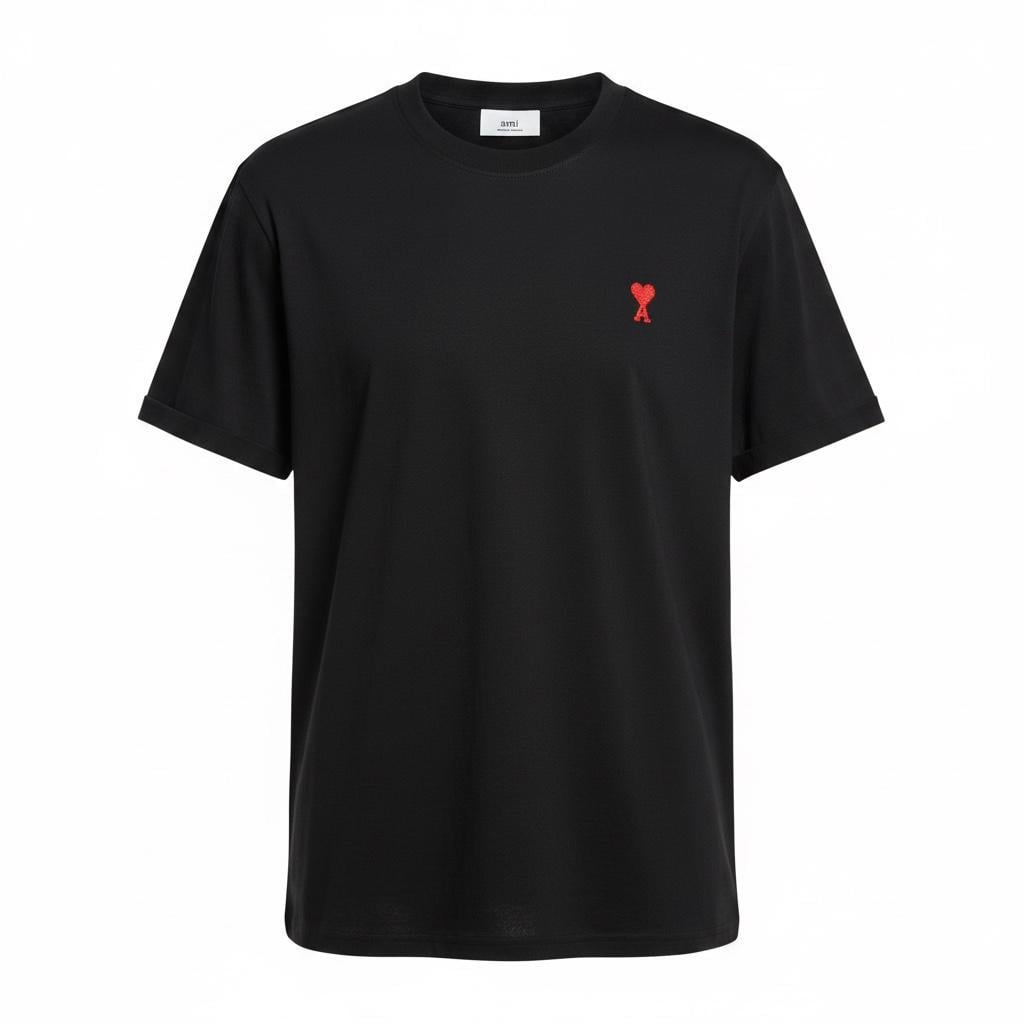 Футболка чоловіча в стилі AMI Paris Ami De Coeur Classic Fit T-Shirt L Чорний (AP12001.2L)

...

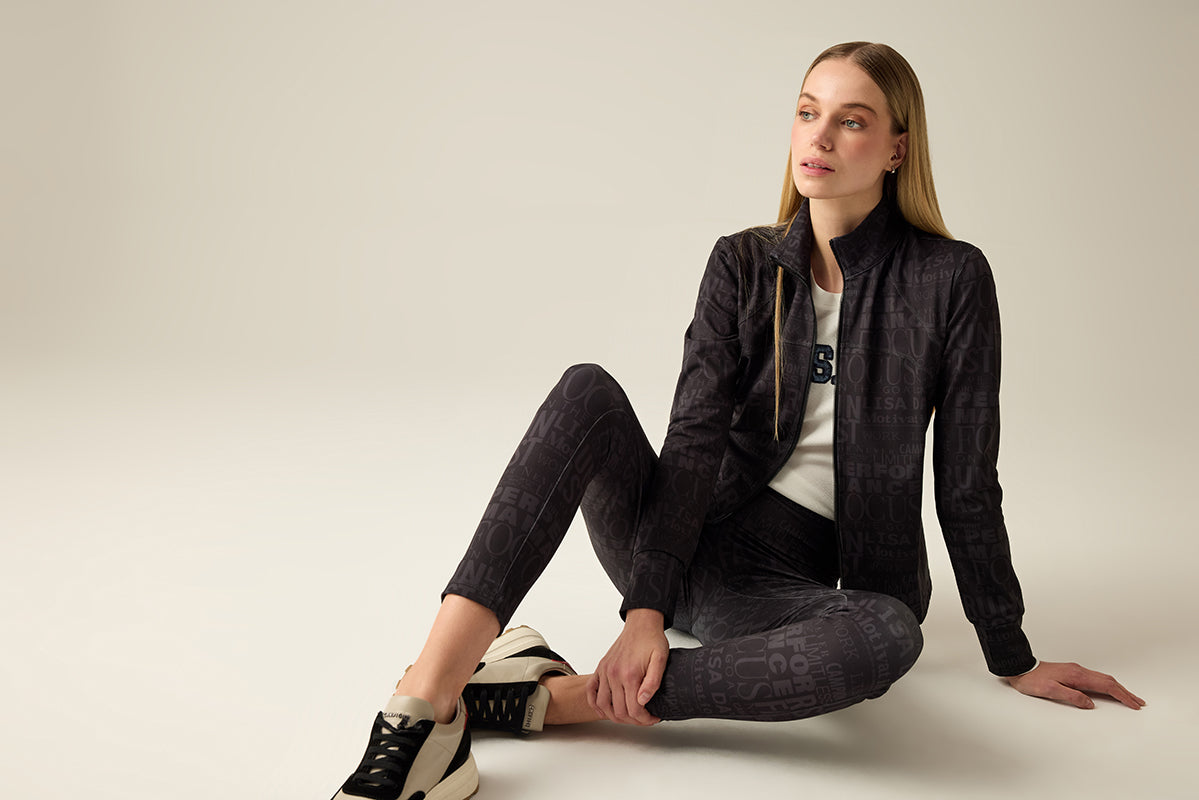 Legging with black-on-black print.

---

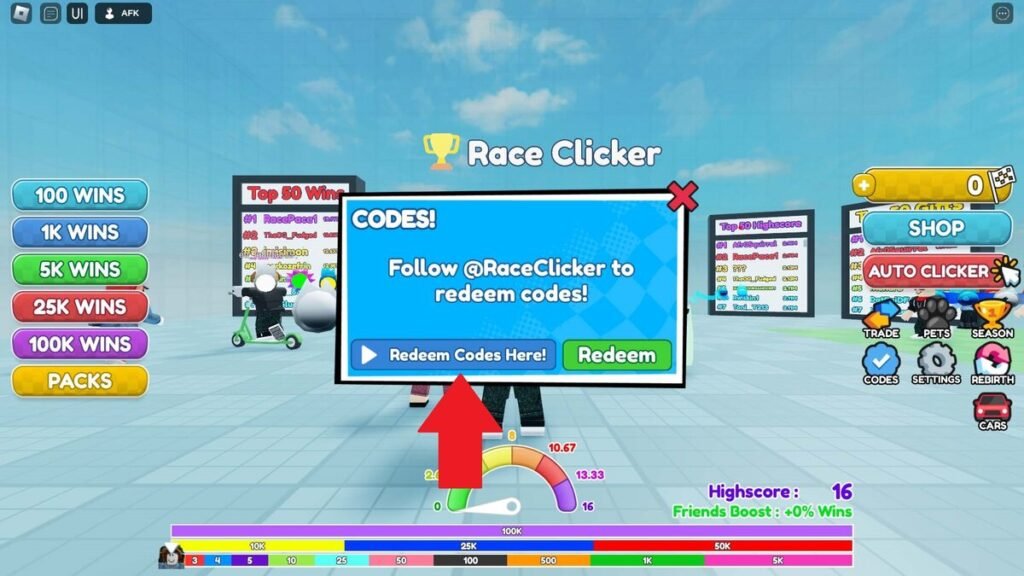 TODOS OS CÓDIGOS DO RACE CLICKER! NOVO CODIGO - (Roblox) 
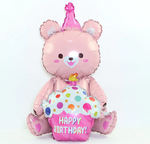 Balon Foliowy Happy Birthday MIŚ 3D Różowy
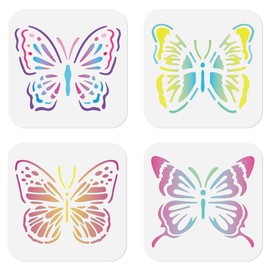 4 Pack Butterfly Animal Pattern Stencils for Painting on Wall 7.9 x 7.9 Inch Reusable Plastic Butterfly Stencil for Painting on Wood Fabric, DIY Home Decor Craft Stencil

WHAT TO PRODUCE:
Keep to the lines above from the line with "Balon Foliowy Happy Birthday MIŚ 3D Różowy" to the line with "4 Pack Butterfly", and set down exactly those, inclusive, with nothing else and every picture left out.

EXPECTED OUTPUT:
 Balon Foliowy Happy Birthday MIŚ 3D Różowy
 4 Pack Butterfly Animal Pattern Stencils for Painting on Wall 7.9 x 7.9 Inch Reusable Plastic Butterfly Stencil for Painting on Wood Fabric, DIY Home Decor Craft Stencil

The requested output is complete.